Whitney Cummings will explore college in the #MeToo Era for her next TV project. Deadline reports the multi-hyphenate is joining forces with “Precious” director/”Empire” co-creator Lee Daniels for an untitled Amazon comedy series investigating how political correctness, sex, race, and #MeToo play out on a contemporary college campus.
Starring Cummings, the series centers on the staff of an ombudsman’s office. Cummings’ character, the lead, “must reconcile the dissonance between different generations of feminism, and the struggle to reconcile our primal desires, and socially constructed identities with current ethical obligations regarding race, class, and gender.”

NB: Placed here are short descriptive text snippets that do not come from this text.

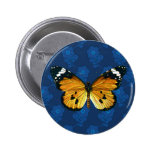Danaus chrysippus butterfly pinback button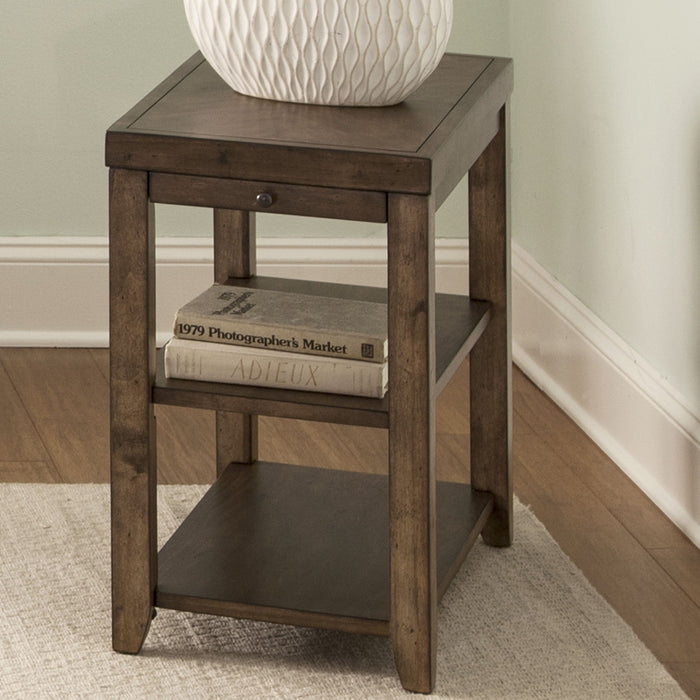 Mitchell - Chair Side Table - Dark Brown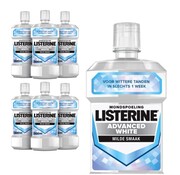 Listerine Advanced White - Mondwater / Mondspoeling - 6x 500ml - Voordeelverpakking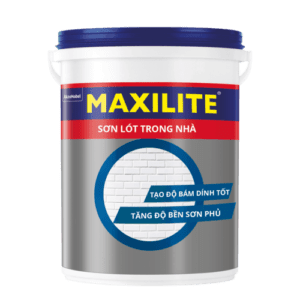 Sơn lót trong nhà Maxilite Tăng độ bền sơn phủ. thùng 5 L, 18 L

Cummings and Daniels created and wrote the project together, and the latter will helm the pilot. From Fox 21 TV Studios, the series landed at Amazon for development after a bidding war.

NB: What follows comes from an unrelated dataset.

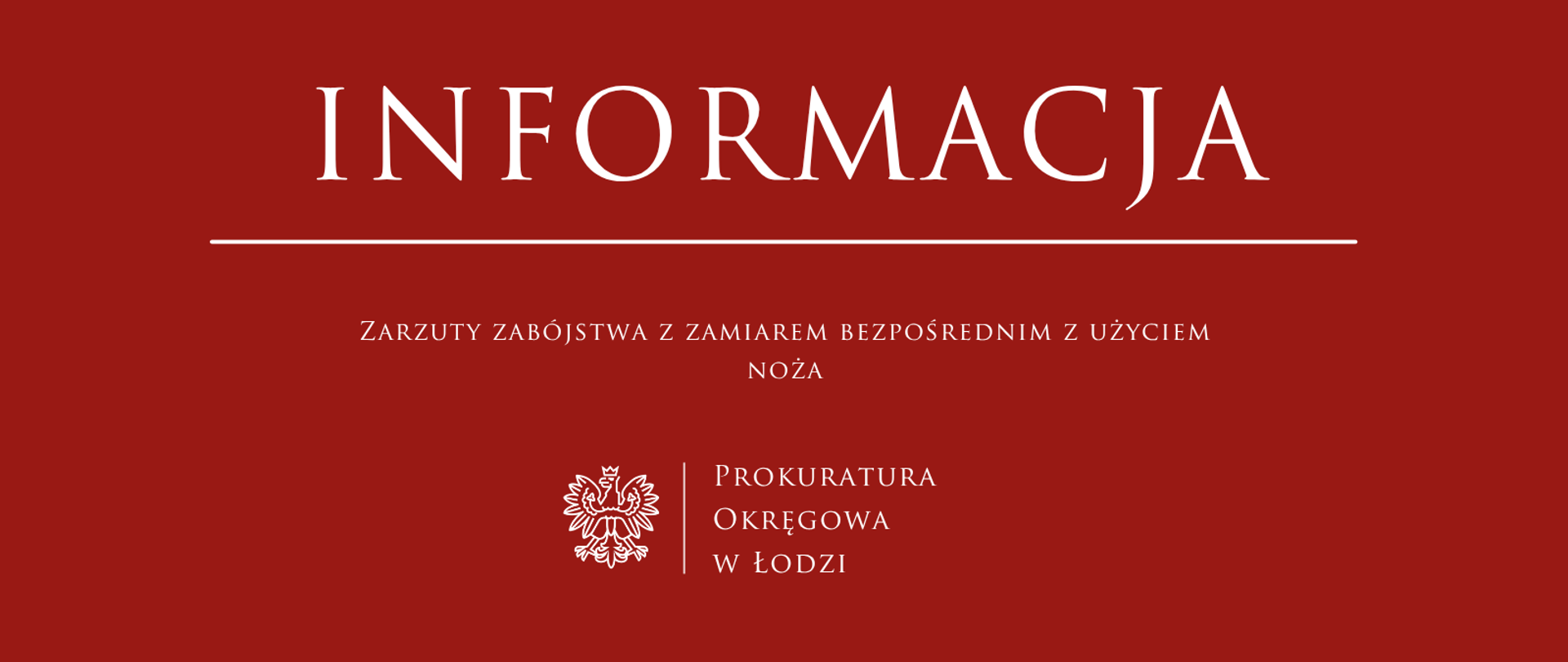 Zarzuty zabójstwa z zamiarem bezpośrednim z użyciem noża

Cummings created and toplined “Whitney,” an NBC sitcom about a marriage-phobic woman in a long-term relationship. It ran for two seasons from 2011-2013. She co-created the long-running CBS comedy “2 Broke Girls” with Michael Patrick King of “Sex and the City” fame. The series wrapped up its sixth and final season in spring 2017. Cummings wrote for and produced both shows. She recently served as executive producer and co-showrunner on the short-lived “Roseanne” revival. She stepped down before star Roseanne Barr’s racist tweets about Valerie Jarrett and the show’s subsequent cancellation.

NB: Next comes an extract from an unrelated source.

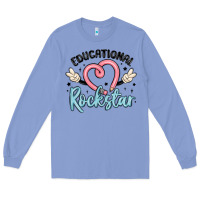 Colony Blue educational rockstar Long Sleeve Tee - MaliasSmallBusiness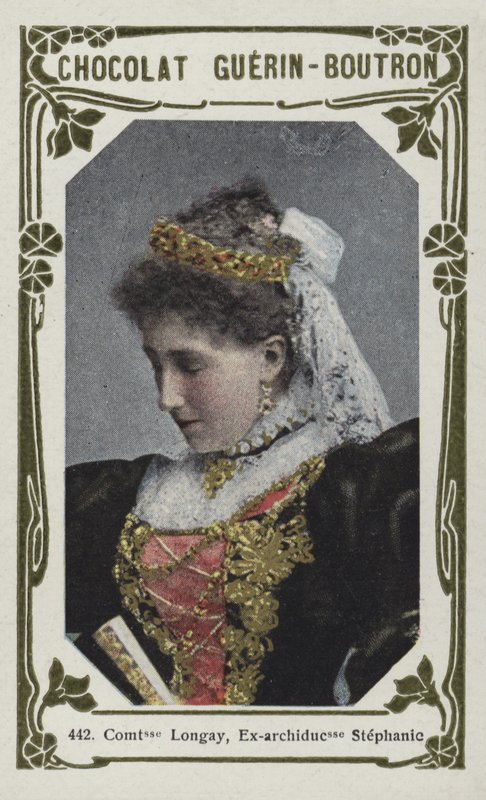Kontes Longay, Eski Arşidük Stephanie (renkli fotoğraf) by French School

Released earlier this year, “The Female Brain” marked Cummings’ directorial debut. She also starred in the pic, a comedy about the effects love and sex have on neurology. Cummings adapted Louann Brizendine’s book of the same name with Neal Brennan (“Chappelle’s Show”).
“For me, the key was just writing something for myself,” Cummings told us about landing the directing gig. “I wrote the script with Neal Brennan and we hustled to get it made — if someone else had written it I would have been on a list to direct it. I have no idea how directors get hired in the studio system, so I like sticking to generating my own material so I’m not waiting around to win the lottery.”